Lines in the records below that contain the word "view" must each be copied.

**Given information:**
+ + + + +

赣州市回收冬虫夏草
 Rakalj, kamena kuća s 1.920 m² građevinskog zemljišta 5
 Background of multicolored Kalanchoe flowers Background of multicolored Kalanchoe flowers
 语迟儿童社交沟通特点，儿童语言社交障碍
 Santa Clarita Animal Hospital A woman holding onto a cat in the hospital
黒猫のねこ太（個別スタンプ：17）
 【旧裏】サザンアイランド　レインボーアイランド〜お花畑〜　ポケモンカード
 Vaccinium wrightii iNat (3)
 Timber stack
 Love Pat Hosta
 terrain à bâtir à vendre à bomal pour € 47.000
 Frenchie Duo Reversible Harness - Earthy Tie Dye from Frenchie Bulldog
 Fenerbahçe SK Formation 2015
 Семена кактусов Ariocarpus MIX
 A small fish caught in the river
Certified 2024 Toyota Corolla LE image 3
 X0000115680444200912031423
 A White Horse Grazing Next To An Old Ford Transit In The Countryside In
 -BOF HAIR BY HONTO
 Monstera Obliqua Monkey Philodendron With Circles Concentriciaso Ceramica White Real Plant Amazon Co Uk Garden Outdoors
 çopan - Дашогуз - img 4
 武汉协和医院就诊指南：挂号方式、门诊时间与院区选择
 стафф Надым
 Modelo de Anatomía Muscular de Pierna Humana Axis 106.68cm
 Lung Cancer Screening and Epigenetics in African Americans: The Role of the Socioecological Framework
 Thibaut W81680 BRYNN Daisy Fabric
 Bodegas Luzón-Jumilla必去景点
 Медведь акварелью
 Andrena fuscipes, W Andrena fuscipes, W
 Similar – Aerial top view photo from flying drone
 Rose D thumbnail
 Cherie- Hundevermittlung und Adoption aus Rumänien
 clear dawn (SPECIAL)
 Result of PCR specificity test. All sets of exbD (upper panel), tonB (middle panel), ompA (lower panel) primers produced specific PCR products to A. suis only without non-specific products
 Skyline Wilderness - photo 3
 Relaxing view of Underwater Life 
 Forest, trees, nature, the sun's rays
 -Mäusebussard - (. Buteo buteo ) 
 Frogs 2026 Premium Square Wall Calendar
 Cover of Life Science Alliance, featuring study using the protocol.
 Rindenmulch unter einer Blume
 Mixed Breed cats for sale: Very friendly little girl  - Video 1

+ + + + +

**Written solution:**
 Similar – Aerial top view photo from flying drone
 Relaxing view of Underwater Life 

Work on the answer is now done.